Every day people make thousands of decisions, expressing thousands of opinions. All these various views beg the question: In what is our knowledge grounded? Furthermore, how do we know about God? What about the accuracy of the Gospel accounts of Jesus? How can we be sure that God made us, and not the other way around? Many people have ready-made answers, but maybe we should ask; “how do we know anything?” Regardless of the answer let’s not apply a double standard, but whatever criteria we use to gain knowledge about anything, let’s apply that criteria to God as well. There are three fundamental ways in which people know things; experience, reason and authority.

Experience is based on our five senses; we see, hear, smell, taste and feel. Empiricism, however, is insufficient, because it is limited, and in fact little of what we know comes by personal experience. You know that Mount Everest is the highest mountain in the world, but likely not by experience. You may have seen a picture of Mt. Everest or watched documentaries about mountain climbing expeditions, but that doesn’t qualify as a personal experience. I flew over it once and the pilot asked us to look out the window, claiming we could see Mount Everest. I took his word for it. Sometimes our senses deceive us. When a straight stick extends under water it looks bent at the surface, but it isn’t. Empiricism without other sources is not enough.

Descartes used reason when he stated, “I think, therefore I am”. Our capacity to think proves our existence. Reason certainly gives us truth about many things, such as 5 + 5 = 10. Yet reason is also limited because some things seem logical, but turn out to not to be true.

What about authority? Is there a credible authority that deserves our trust? Life wouldn’t be possible if we didn’t trust authority. Think of our banking or postal systems, all run on our trust in an authoritative system. Yet, our experience must also confirm the claims of those systems. All knowledge is a combination of experience, reason and authority.

Take riding an elevator for example. The authority, which is the company who services the elevator, claims that the elevator is safe. Your experiences may have also taught you that riding in the elevator is safe, yet reason tells you that something could go wrong because there’s a button that says “alarm”. Nevertheless, you go ahead, though you’re not 100 per cent sure that you will arrive safely. Now change the scenario. What if that elevator was shaking, or looked otherwise unsafe, suddenly you wouldn’t trust the affixed paper that states it was serviced properly, and you wouldn’t rely on the fact that you had been on an elevator a thousand times before and it worked every time. We all reach conclusions based on a combination of experience, reason and authority, and if either one of these is not in sync with the other, we reassess what we thought we knew.

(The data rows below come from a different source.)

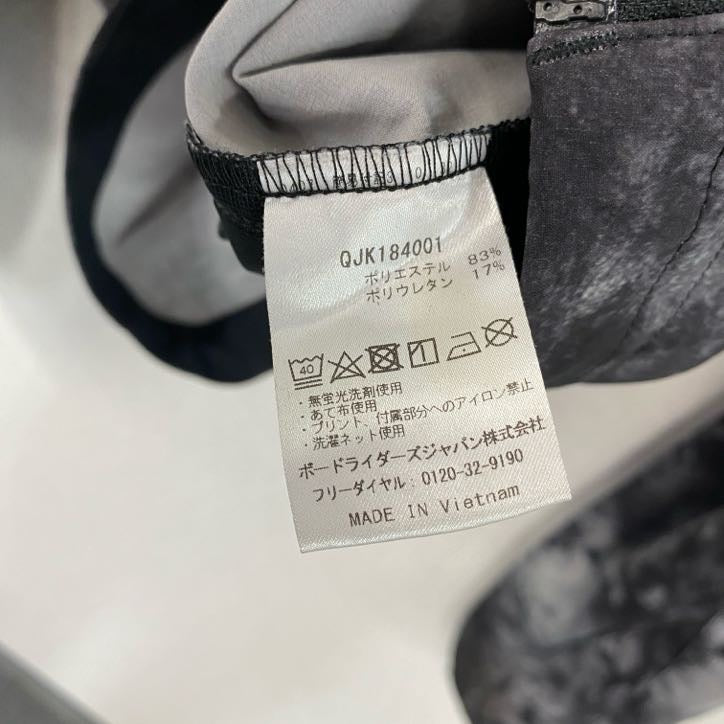 QUIKSILVER　クイックシルバー　フルジップジャケット　総柄　黒　ブラック　Lサイズ　古着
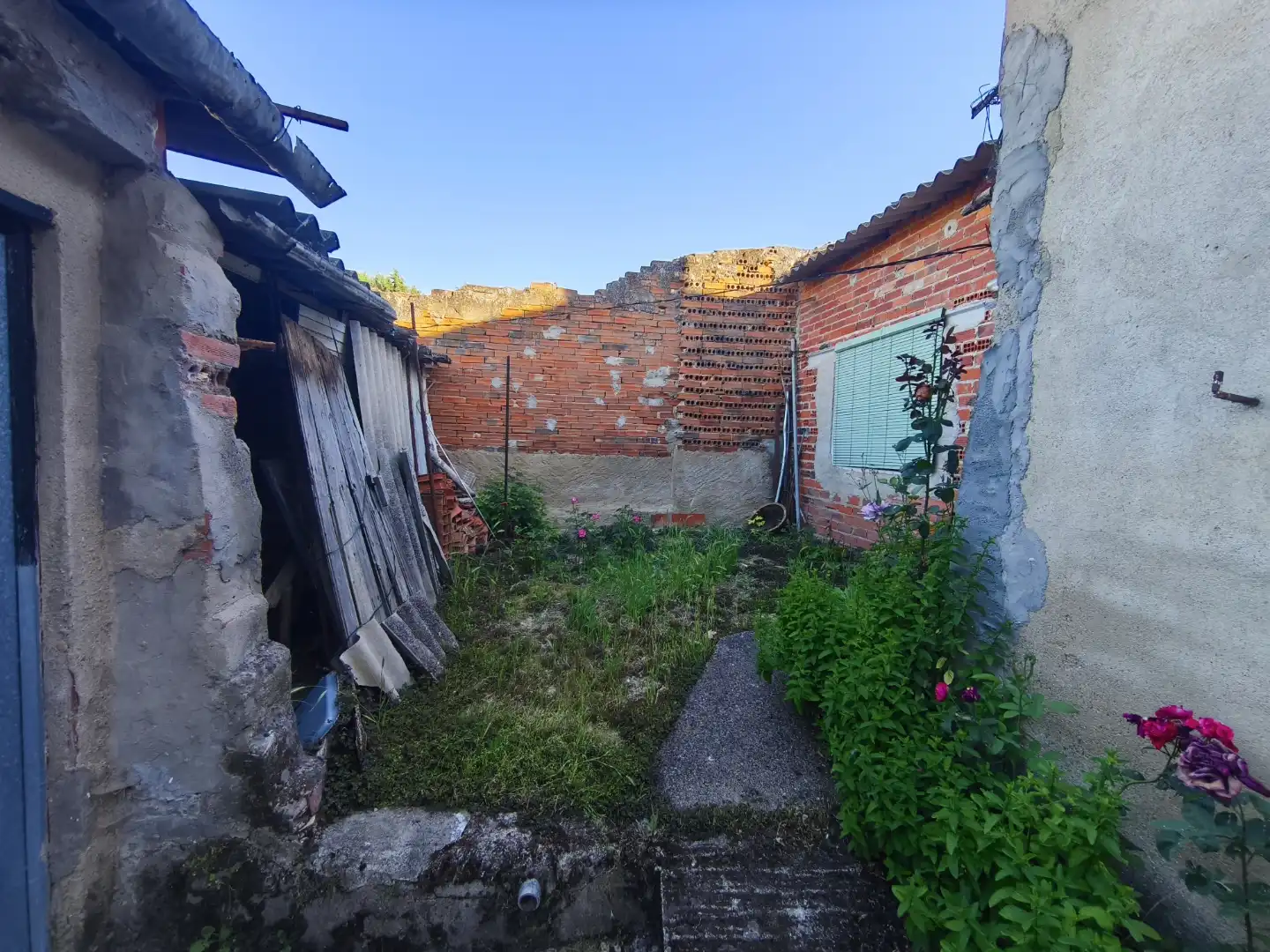 Casa adosada en venda a Calle Cayō Zapata, 9, Gema Casa adosada en venda en Gema amb Calefacció, Jardí privat i Forn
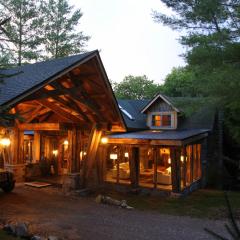 Enchanting Chalet, Covered Parking, King Suite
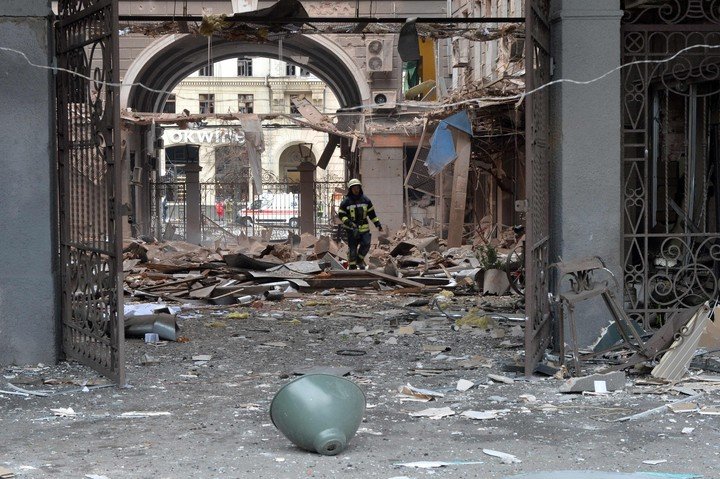 Al menos seis civiles muertos y 15 heridos en bombardeo ruso en ciudad ucraniana de Járkov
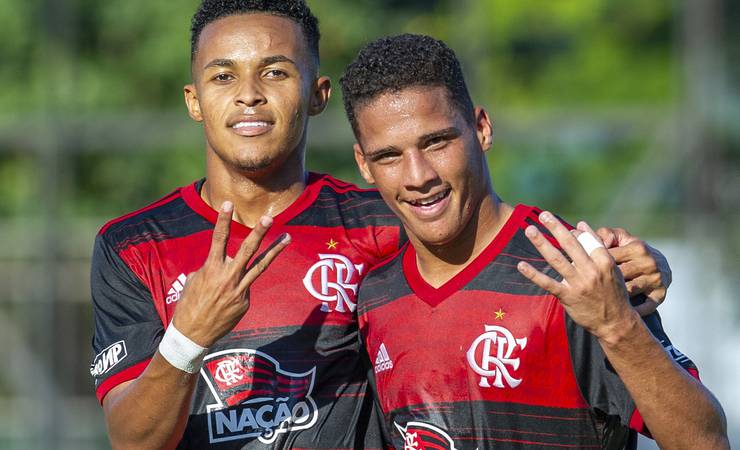 Após ano intenso e retorno ruim ao Náutico, Thiaguinho engrena no Flamengo Sub-20: "Sensação enorme"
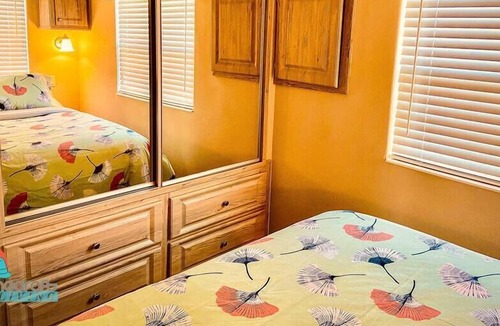 Southgate Apartment | Pinecraft Cottage Tiny Home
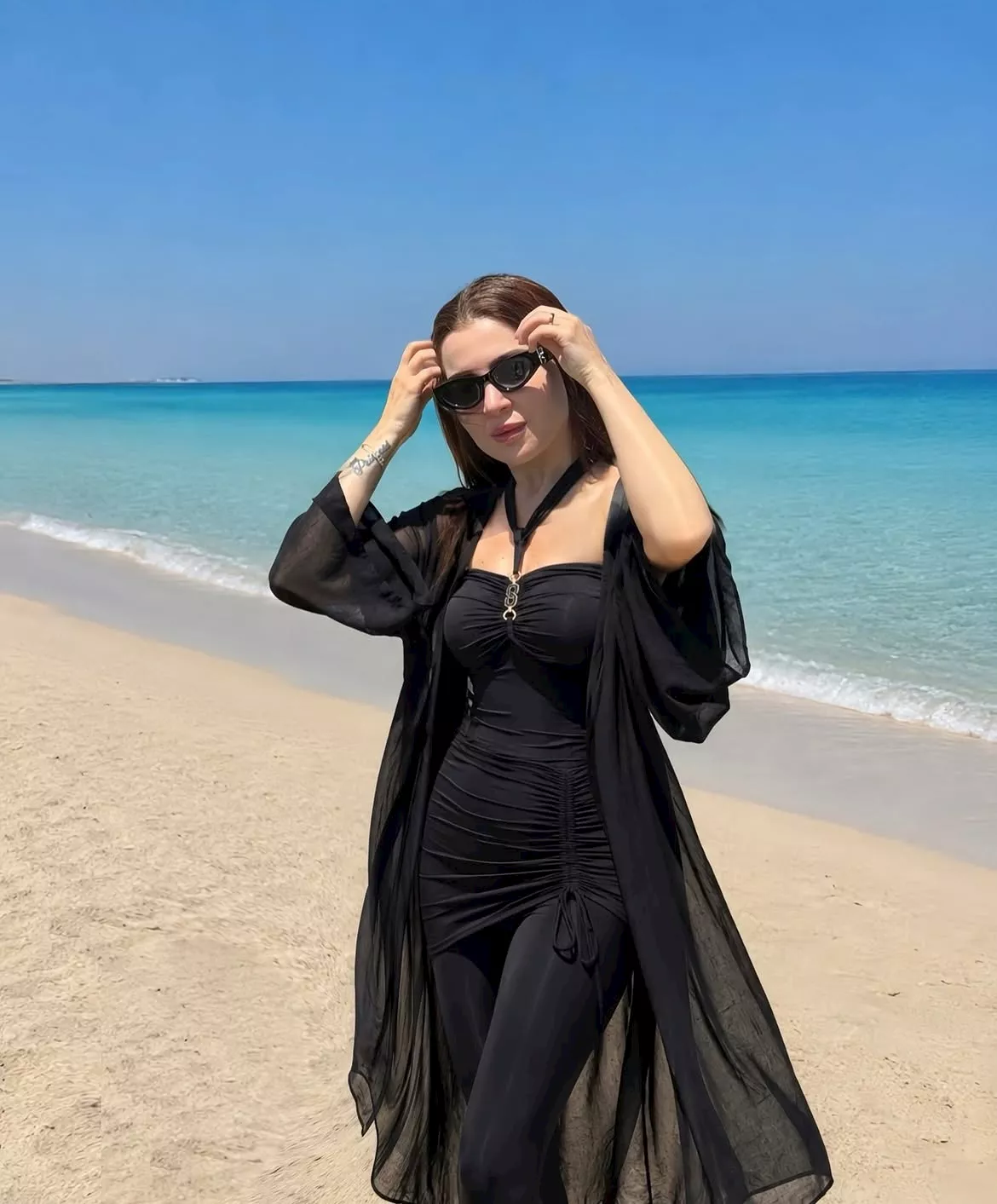بعيدًا عن التمثيل.. مي عز الدين تطلق براند "مايوهات"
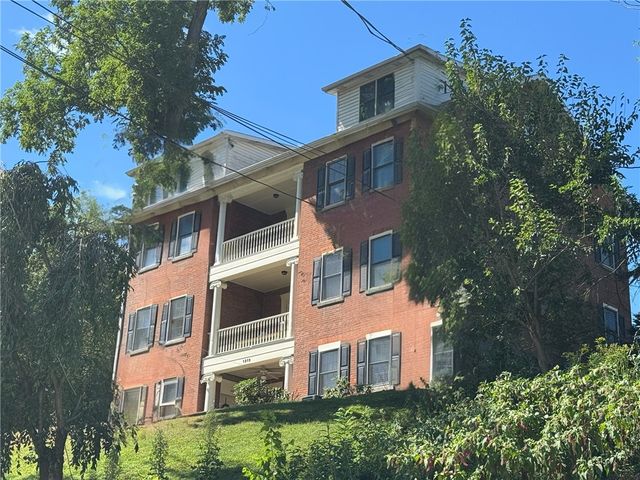 1319 Riverside Dr 400, Bridgewater, PA 15009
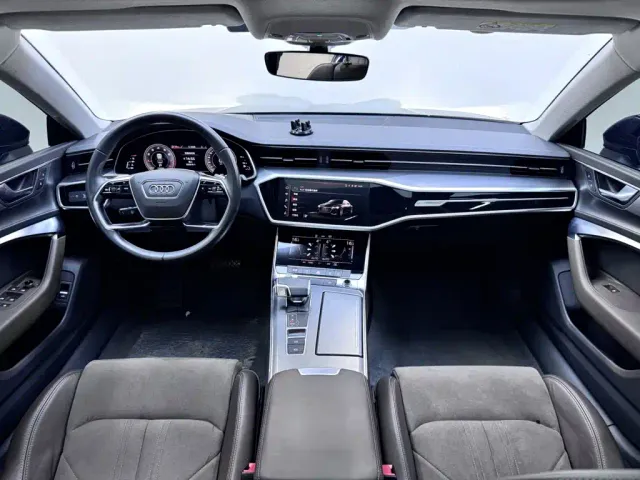Audi A7L — Фото автомобиля 10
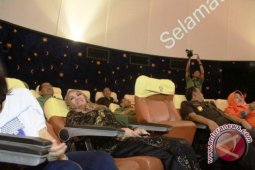PJRT Datangkan Proyektor Pemutar Film Tiga Dimansi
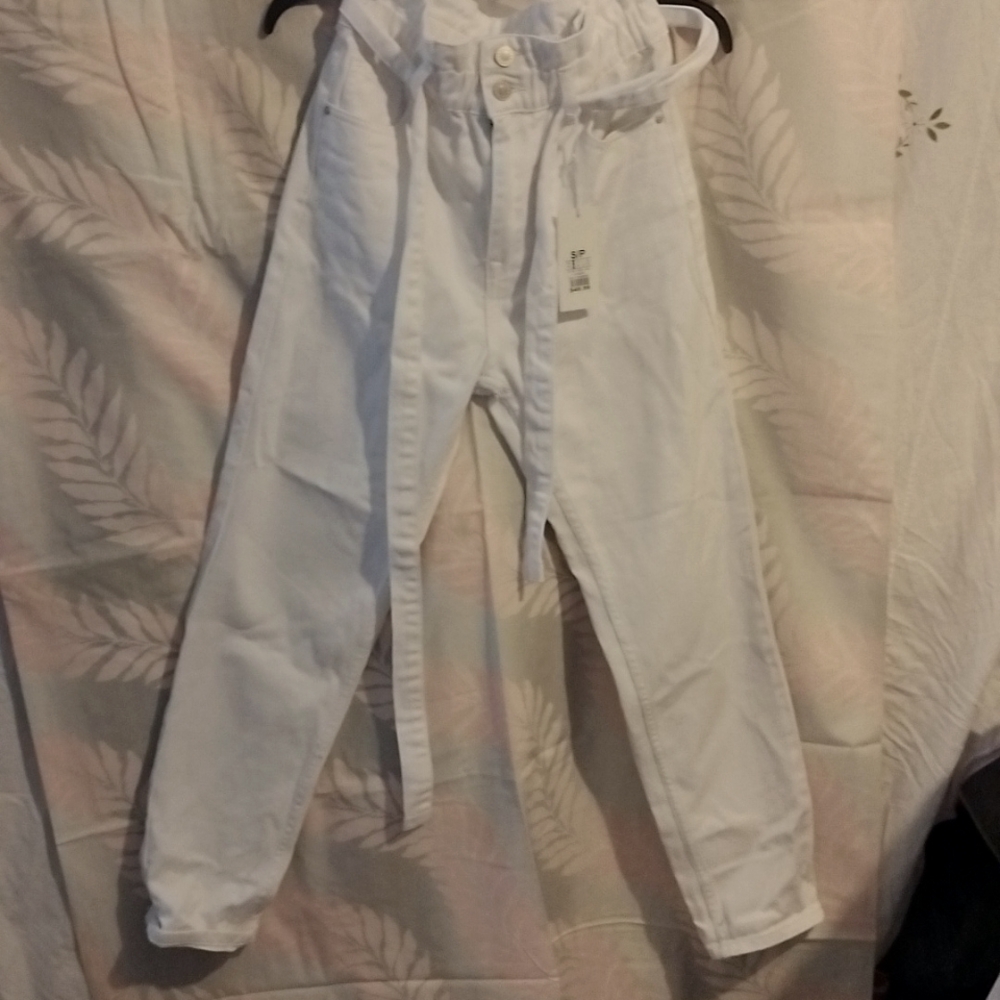 White jeans for women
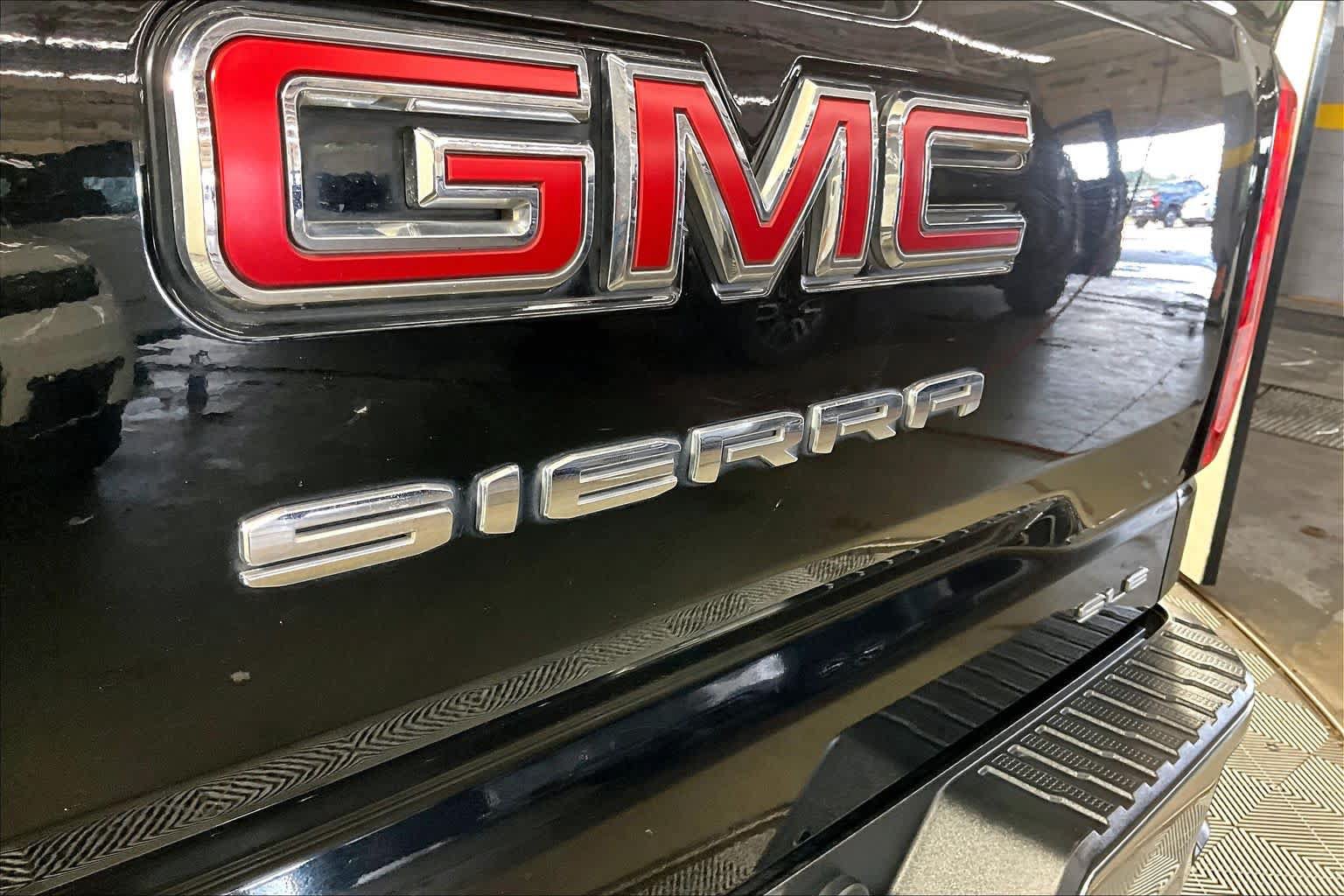 Used 2020 GMC Sierra 1500 SLE w/ Preferred Package AWD/4WD image 30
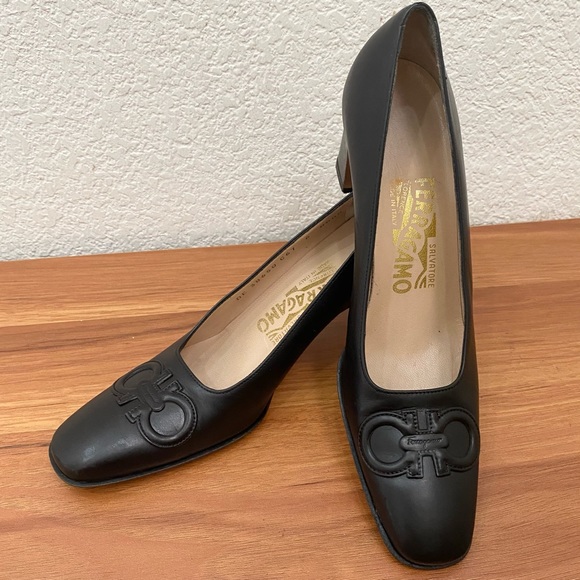 Vintage SALVATORE FERRAGAMO DE38650 Black Leather Logo Pumps Heels Size 6 AAAA - Picture 2 of 15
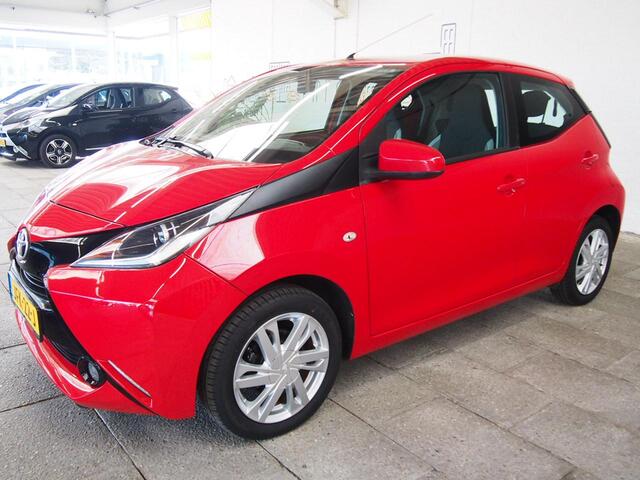 Toyota AYGO 1.0 VVT-i x-play (APK:Nieuw) Incl.garantie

Now back to our original questions. What about Jesus? Let’s use the same criteria. I claim to have good reason to believe that God was in Christ, absorbing the world’s sins, bringing about a cure for the human condition through His death and resurrection. It makes sense that a loving Creator would have foreknowledge that His creatures would mess up, and that the divine would need to enter into His creation with a corrective love plan. Add to this the authority of those who were eyewitnesses of Christ’s work and resurrection. They were so convinced of the reality, not only of the Galilean Jesus, but also of the cosmic Christ who is alive forever, that they were willing to give their lives for the proclamation of this message. On top of that, I have experience, not only my own, but also the testimonies of millions of people, who would rather give their lives than deny the reality of Jesus Christ.